I was answering my wife's cellphone last night for her, and could identify that it was her parents calling from San Francisco because her Caller ID had the number listed as "Home." This made me laugh a little bit. My wife lives with me in Santa Barbara and her parents are 300+ miles North in the Bay Area. She hasn't lived with her parents for almost 10 years. Furthermore, growing up, she lived in a number of different locations for extended periods of time before ending up at this one house where her parents live now. And I would surmise that should her parents move to some random farmhouse in Arkansas, for example, my wife would dutifully update the number in her phone, but would still leave the Caller ID notation as "Home."
With the advent of a variety of presence management and GPS related technologies, we are getting smarter at being able to find people we need to. As marketers, isolating individual customers to a particular place is an invaluable tool. Services such as Akamai allow online companies like mine to serve a gallery of different home pages that caters to the specific "wheres" of our customers. Change language on your site on the fly so that you refer to "y'all" in Tennessee and "You Guys" in New Jersey. Present customers with stock photography of models that are representative of their communities (anybody ever wonder why the weatherman in Miami is Hispanic, while the weatherman in Santa Barbara is whiter than Vanilla Ice in a snowstorm?). In a market where it is now expected that websites know you personally, this kind of customization is key.
That being said, we will soon need to get more philosophical with locations. Just as "Home" reflects way more than a specific set of geographic coordinates for my wife in her cell phone, one wonders if geo-marketing won't have to recalibrate itself to keep up with the times.

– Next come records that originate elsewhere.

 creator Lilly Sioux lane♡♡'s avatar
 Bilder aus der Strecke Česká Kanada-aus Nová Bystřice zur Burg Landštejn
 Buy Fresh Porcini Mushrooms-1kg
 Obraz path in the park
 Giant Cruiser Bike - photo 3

More than ever, people are literally taking their geography with them, whether it be through a Vonage number that allows you to make calls from a Losa Angeles area code while you travel to Toronto, or an eFax number that lets you do the same with faxes and voicemail. IP addresses and cookies are quickly becoming the last vestiges of real location online, and with cookies going the way of the dodo (depending on who you believe), we could have even less real data to use to localize offers to our customers.

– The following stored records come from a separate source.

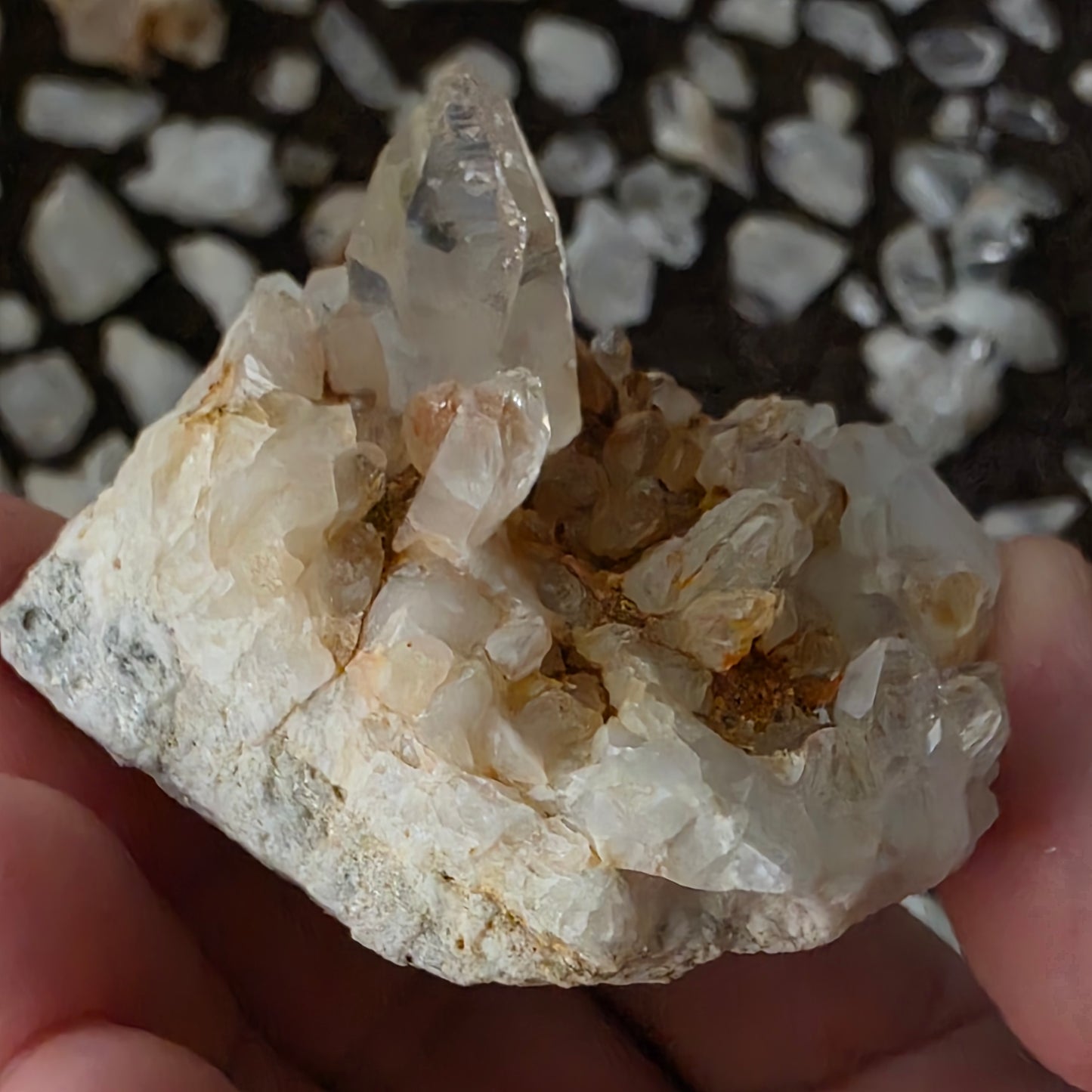 Gorgeous Natural Clear Quartz Crystal Cluster from Mt. Ida, Arkansas | Raw Mineral Specimen | 61.49 grams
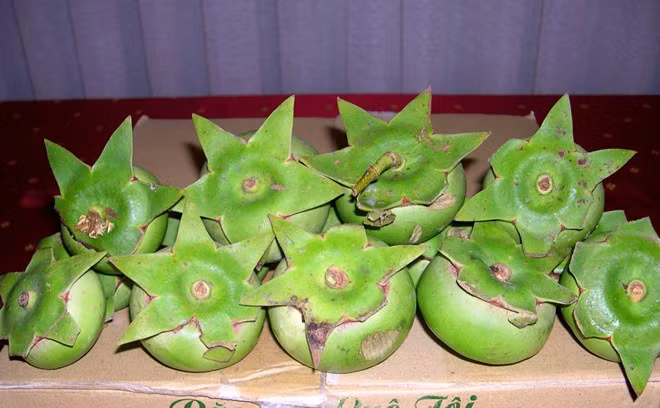 Trước đây, cây bần mọc hoang, người dân lấy trái nấu các món ăn dân dã hàng ngày. Lâu dần, thấy trái có giá trị kinh tế, không ít người đã dốc cả gia tài đầu tư trồng và xuất khẩu các sản phẩm chế biến từ trái bần sang nhiều nước Canada, Đức, Úc...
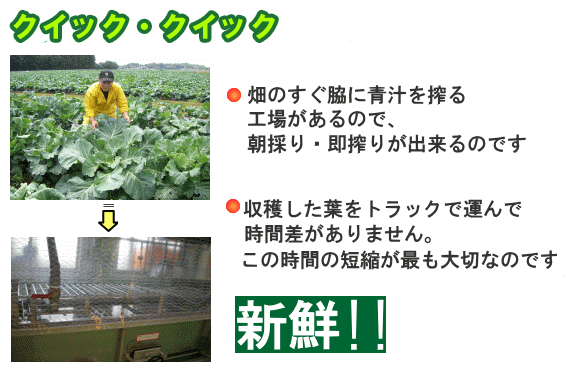 ピカイチ野菜くんの青汁の秘密３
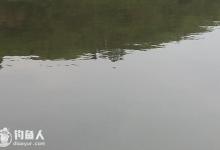 手竿钓鱼调漂，三个步骤轻松学会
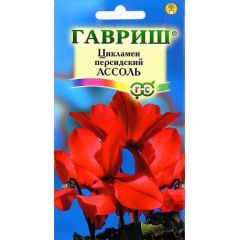 Семена Цикламен Ассоль персидский 3 шт.
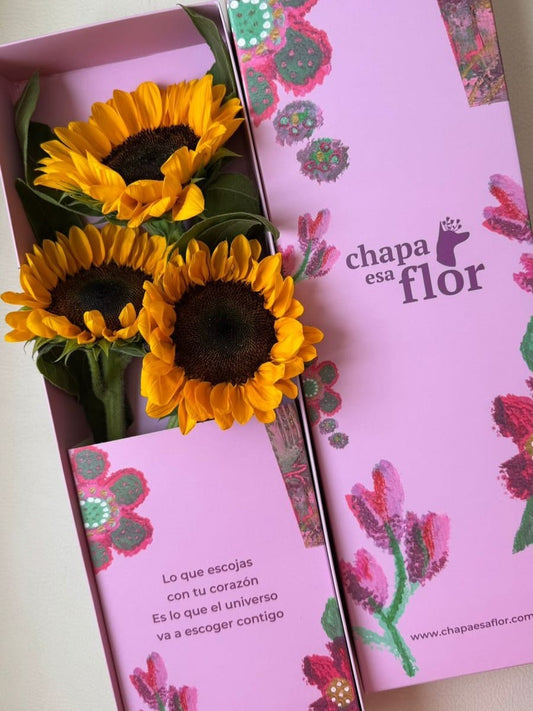 Box Premium con 3 girasoles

That's why it will be the marketer that figures out this geotagging thing who will eat all of our lunches when it comes to selling things on the Web in the coming years. And I don't mean just by letting customers know where YOU are. Get customers to find utility in telling you where THEY are at any given time and you will make bank. I don't know if anyone's hit this out of the ballpark get, but folks are getting closer every day.